*What the task asks*.
Your task is to restate word for word the lines in the material below, from the one with "Silicone Spatula Turner, 4-Pack" up to and including the one with "Designer E.G. Diamond". Do not carry over the pictures.

*Data to process*.

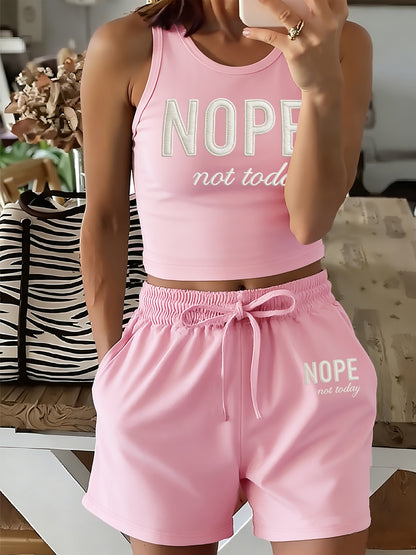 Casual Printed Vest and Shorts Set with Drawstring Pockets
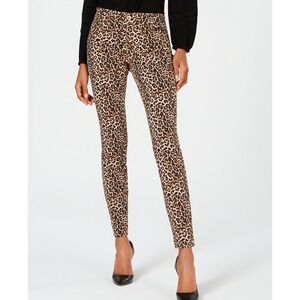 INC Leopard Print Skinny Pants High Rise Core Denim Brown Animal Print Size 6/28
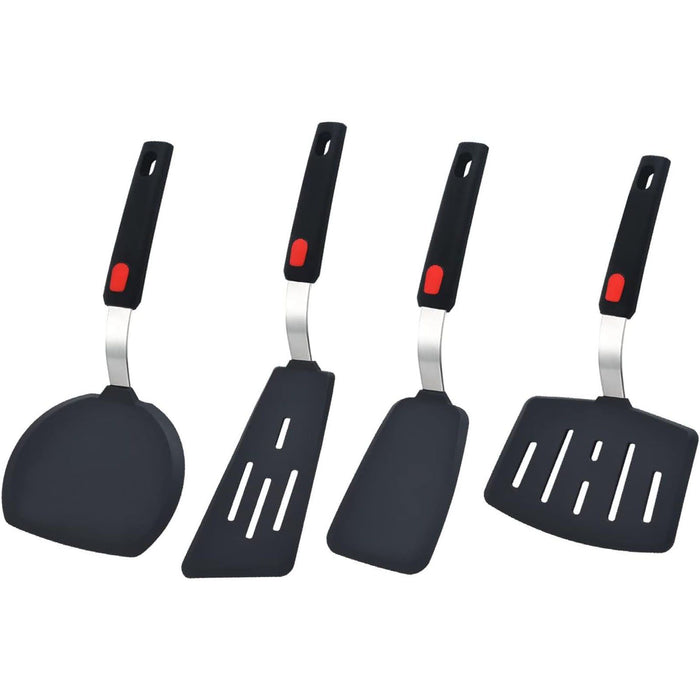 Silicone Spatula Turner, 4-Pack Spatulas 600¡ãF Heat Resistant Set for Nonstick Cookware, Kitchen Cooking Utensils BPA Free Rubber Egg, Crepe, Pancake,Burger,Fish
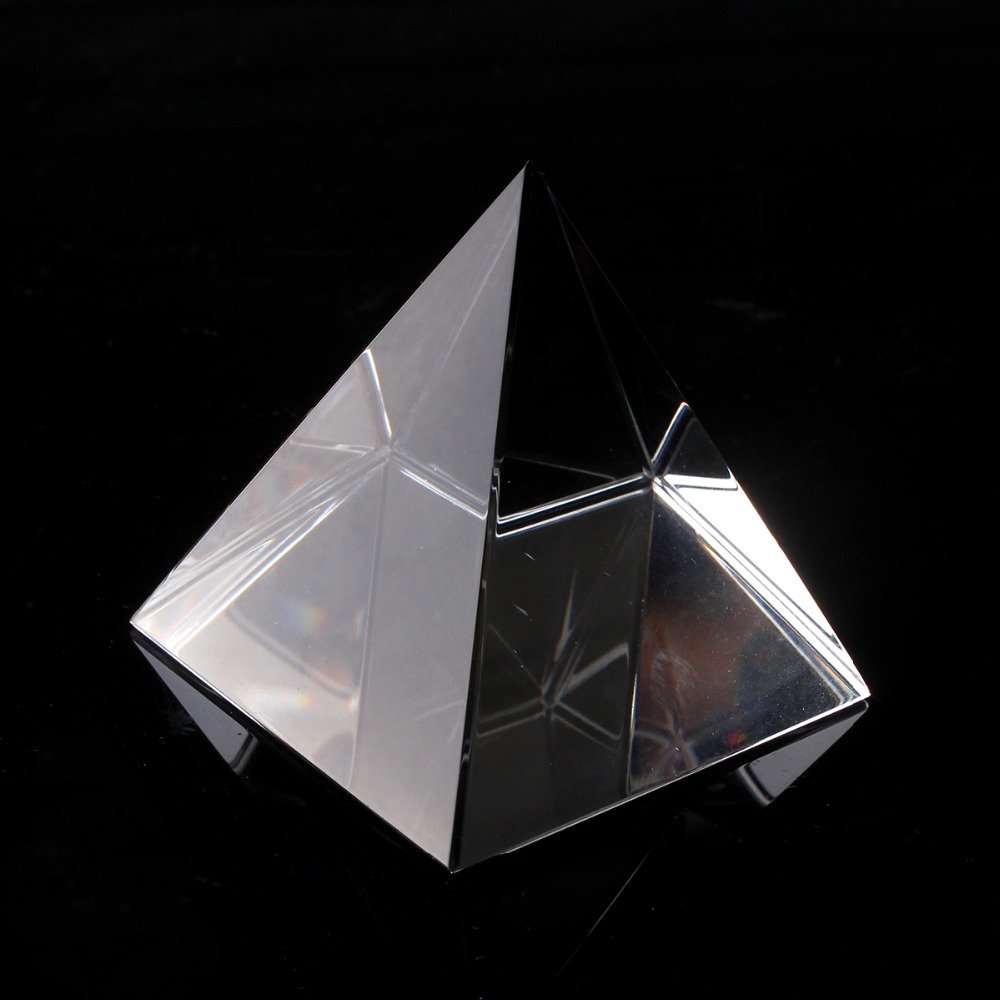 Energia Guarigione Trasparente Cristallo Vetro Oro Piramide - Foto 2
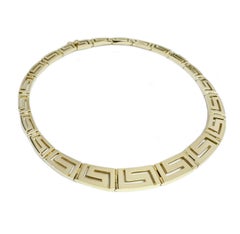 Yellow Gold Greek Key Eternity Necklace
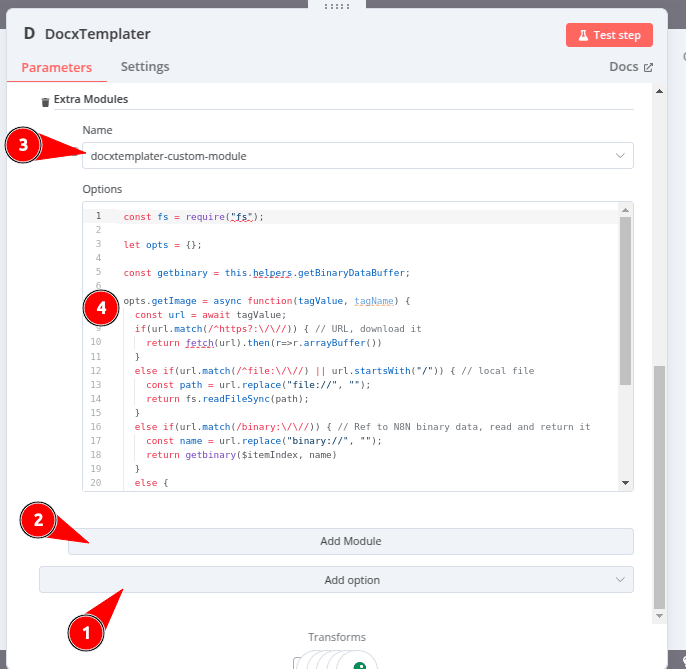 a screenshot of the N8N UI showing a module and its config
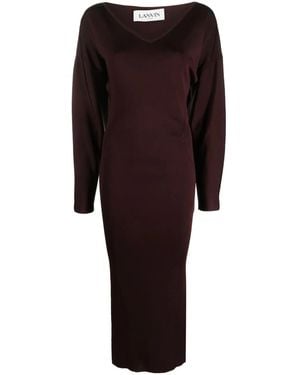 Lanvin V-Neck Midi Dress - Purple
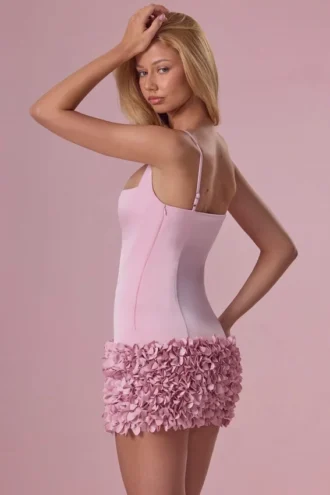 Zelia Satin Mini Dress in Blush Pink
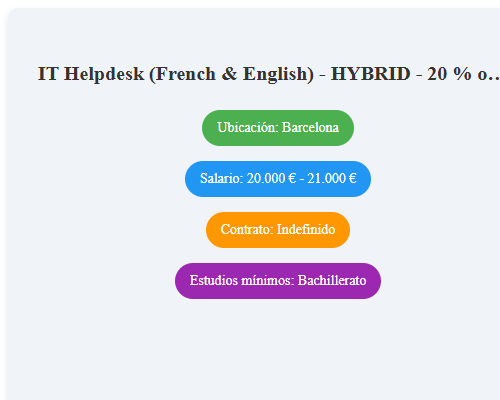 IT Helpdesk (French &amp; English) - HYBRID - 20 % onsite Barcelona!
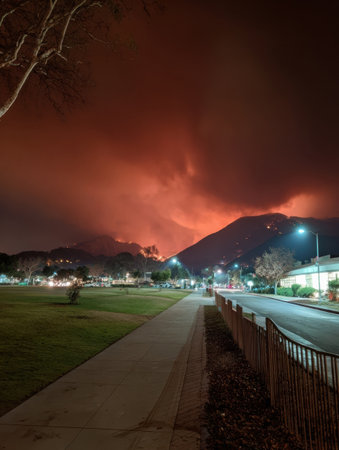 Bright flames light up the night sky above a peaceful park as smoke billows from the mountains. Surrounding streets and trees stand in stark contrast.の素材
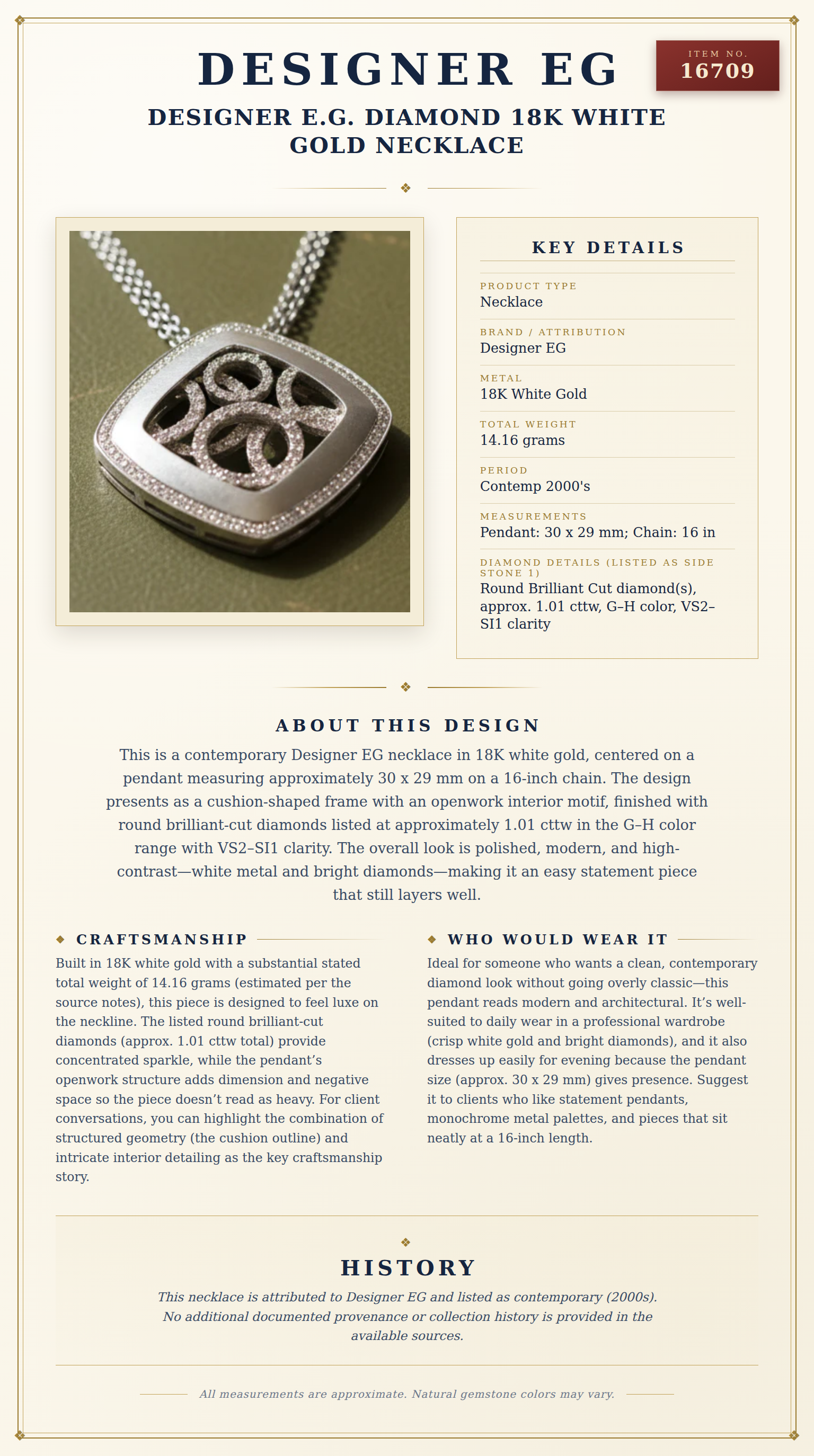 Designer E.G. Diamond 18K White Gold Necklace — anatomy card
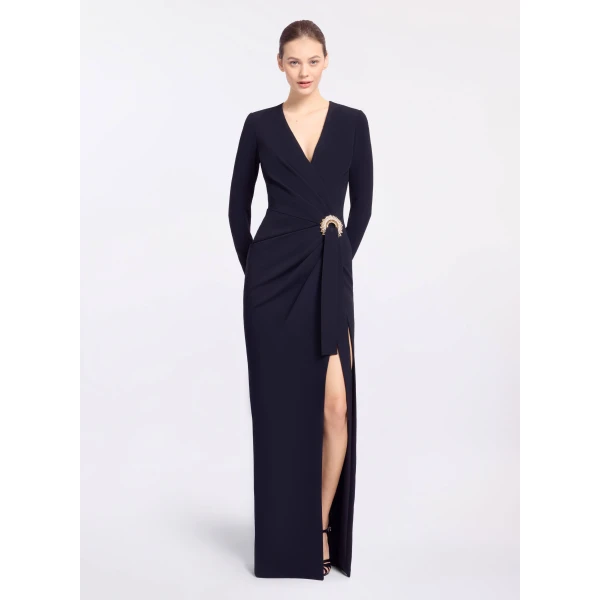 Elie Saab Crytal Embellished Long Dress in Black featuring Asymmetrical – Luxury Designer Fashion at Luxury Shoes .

*Answer section*.
 Silicone Spatula Turner, 4-Pack Spatulas 600¡ãF Heat Resistant Set for Nonstick Cookware, Kitchen Cooking Utensils BPA Free Rubber Egg, Crepe, Pancake,Burger,Fish
 Energia Guarigione Trasparente Cristallo Vetro Oro Piramide - Foto 2
 Yellow Gold Greek Key Eternity Necklace
 a screenshot of the N8N UI showing a module and its config
 Lanvin V-Neck Midi Dress - Purple
 Zelia Satin Mini Dress in Blush Pink
 IT Helpdesk (French &amp; English) - HYBRID - 20 % onsite Barcelona!
 Bright flames light up the night sky above a peaceful park as smoke billows from the mountains. Surrounding streets and trees stand in stark contrast.の素材
 Designer E.G. Diamond 18K White Gold Necklace — anatomy card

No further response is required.